TAMPA — Parking is like oxygen to downtown business, and the city's top parking official said Wednesday that he wants to make sure merchants aren't left gasping during the Republican National Convention.
"It's important to me, as it is to you, that we do maintain a sense of 'open for business' and that we are providing as much public parking as we can," parking division manager Jim Corbett told about a dozen restaurateurs during a Tampa Downtown Partnership meeting.
That said, how downtown Tampa's parking will be configured the week of Aug. 27-30 is still being discussed, and preliminary plans could change based on security considerations. But it's likely things will look different:
• Major north-south roads like Ashley Drive and Florida Avenue could be designated as transportation-only corridors. Any on-street parking on those roads could be removed, making them tow-away zones.
• The on-street parking that remains is not expected to be metered. Officials plan to remove electronic pay stations that week so they aren't vandalized. The spaces will be converted to free, two-hour spaces. How much this could cost in foregone parking revenue is not clear, since the city doesn't know how many of its 1,400 downtown on-street spaces would be affected.
• The city plans to prohibit vendors from paying to rent a metered space for the day. The idea is to keep outsiders from monopolizing spaces that downtown businesses need for customers.
During the meeting at Spain Restaurant, Corbett also said he is pushing to allow the public to continue to have access to the Fort Brooke and Whiting Street parking garages. But some of the nearly 3,000 commuters who use those garages might have to enter or leave through a different access point.
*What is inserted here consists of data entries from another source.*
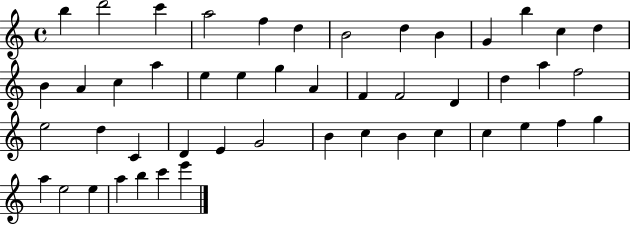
{
  \clef treble
  \time 4/4
  \defaultTimeSignature
  \key c \major
  b''4 d'''2 c'''4 | a''2 f''4 d''4 | b'2 d''4 b'4 | g'4 b''4 c''4 d''4 | \break b'4 a'4 c''4 a''4 | e''4 e''4 g''4 a'4 | f'4 f'2 d'4 | d''4 a''4 f''2 | \break e''2 d''4 c'4 | d'4 e'4 g'2 | b'4 c''4 b'4 c''4 | c''4 e''4 f''4 g''4 | \break a''4 e''2 e''4 | a''4 b''4 c'''4 e'''4 | \bar "|."
}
They also might encounter a security checkpoint around Whiting Street.
Generally, Corbett said, the convention is expected to have less of an impact north of Kennedy Boulevard than south.
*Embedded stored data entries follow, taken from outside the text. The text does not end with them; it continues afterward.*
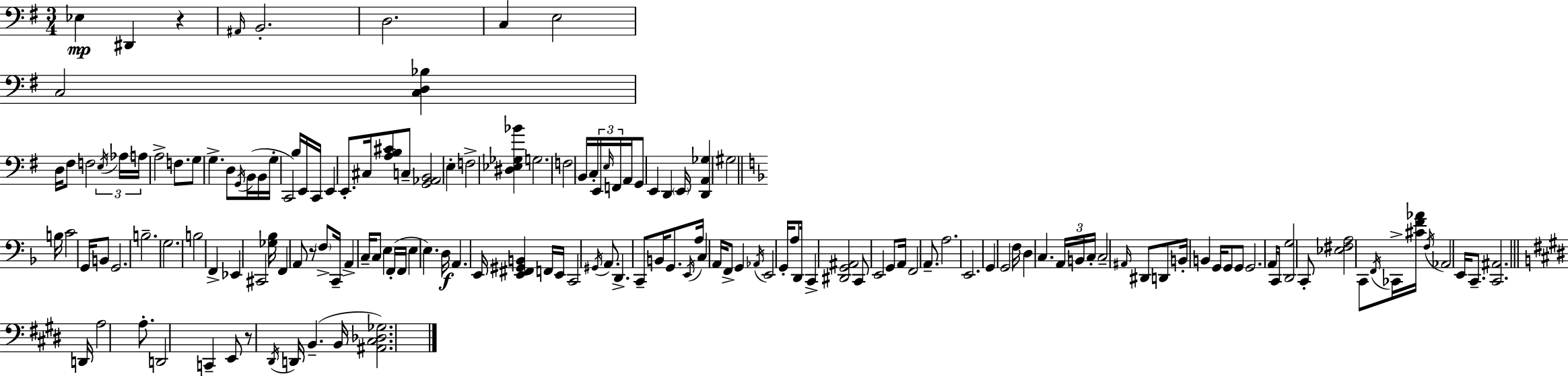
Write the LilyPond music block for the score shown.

{
  \clef bass
  \numericTimeSignature
  \time 3/4
  \key e \minor
  \repeat volta 2 { ees4\mp dis,4 r4 | \grace { ais,16 } b,2.-. | d2. | c4 e2 | \break c2 <c d bes>4 | d16 fis8 f2 | \tuplet 3/2 { \acciaccatura { e16 } \parenthesize aes16 a16 } a2-> f8. | g8 g4.-> d8 | \break \acciaccatura { g,16 }( b,16 b,16 g16-. c,2) | b16 e,16 c,16 e,4 e,8.-. cis16 <a b cis'>8 | c8-- <g, aes, b,>2 e4-. | f2-> <dis ees ges bes'>4 | \break g2. | f2 b,16 | c16-. \tuplet 3/2 { e,16 \grace { e16 } f,16 } a,16 g,8 e,4 d,4 | \parenthesize e,16 <d, a, ges>4 gis2 | \break \bar "||" \break \key f \major b16 c'2 g,16 b,8 | g,2. | b2.-- | g2. | \break b2 f,4-> | ees,4 cis,2 | <ges bes>16 f,4 a,8 r8 \parenthesize f8-> c,16-- | a,4-> c16-- c8 e4 f,16-.( | \break f,16 e4 e4.) d16\f | a,4. e,16 <e, fis, gis, b,>4 f,16 | e,16 c,2 \acciaccatura { gis,16 } a,8. | d,4.-> c,8-- b,16 g,8. | \break \acciaccatura { e,16 } a16 c4 a,16 f,8-> g,4 | \acciaccatura { aes,16 } e,2 g,16-. | a8 d,16 c,4-> <dis, g, ais,>2 | c,8 e,2 | \break g,8 a,16 f,2 | a,8.-- a2. | e,2. | g,4 g,2 | \break f16 d4 c4. | \tuplet 3/2 { a,16 b,16 c16-. } c2-- | \grace { ais,16 } dis,8 d,8 b,16-. b,4 g,16 | g,8 g,8 g,2. | \break a,16 c,16 <d, g>2 | c,8-. <ees fis a>2 | c,8 \acciaccatura { f,16 } ces,16-> <cis' f' aes'>16 \acciaccatura { f16 } aes,2 | e,16 c,8.-- <c, ais,>2. | \break \bar "||" \break \key e \major d,16 a2 a8.-. | d,2 c,4-- | e,8 r8 \acciaccatura { dis,16 } d,16 b,4.--( | b,16 <ais, cis des ges>2.) | \break } \bar "|."
}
That's consistent with the message more than 200 downtown business owners heard at another downtown partnership meeting Wednesday at the Sheraton Tampa Riverwalk Hotel.
The key question — where will the Secret Service's security perimeter be? — probably won't be answered until four to six weeks before the convention, officials said. But when it comes to downtown traffic, city officials expect the convention to have its biggest impact late in the afternoon and early in the evening, before the RNC's proceedings begin. Morning rush hour should not be as affected.
Police chief Jane Castor said she expects Tampa's heat to be the biggest issue during the convention.
With the humidity, the average feels-like temperature will be about 102 degrees, she said. With the protective gear police will be wearing, it will seem 10 degrees hotter still. And when working with crowds, officers can probably add another 10 degrees.
The heat is expected to hit protesters and other visitors just as hard.
"The people that are coming down here from areas like Maine I think will just spontaneously combust," Castor said.
One thing the chief said "keeps me up at night" is that Tampa officials can look at previous conventions for lessons, but a difference this year is that so many people are angry.
"It's really kind of a nonpartisan thing," she said, with protest groups planning to leave Tampa to go to the Democratic National Convention in Charlotte, N.C.
In response to a question, Castor said the convention is not expected to affect access to Tampa General Hospital as much as Gasparilla does. Other questions touched on cellphone coverage, access to downtown for delivery truck drivers and the convention's impact on Ybor City.
Afterward, one business executive said what she heard about convention planning was encouraging.
"I'm very excited about it," said Jo Jo Jiampetti, regional vice president for Five Guys Burgers and Fries. "It's going to be great for business."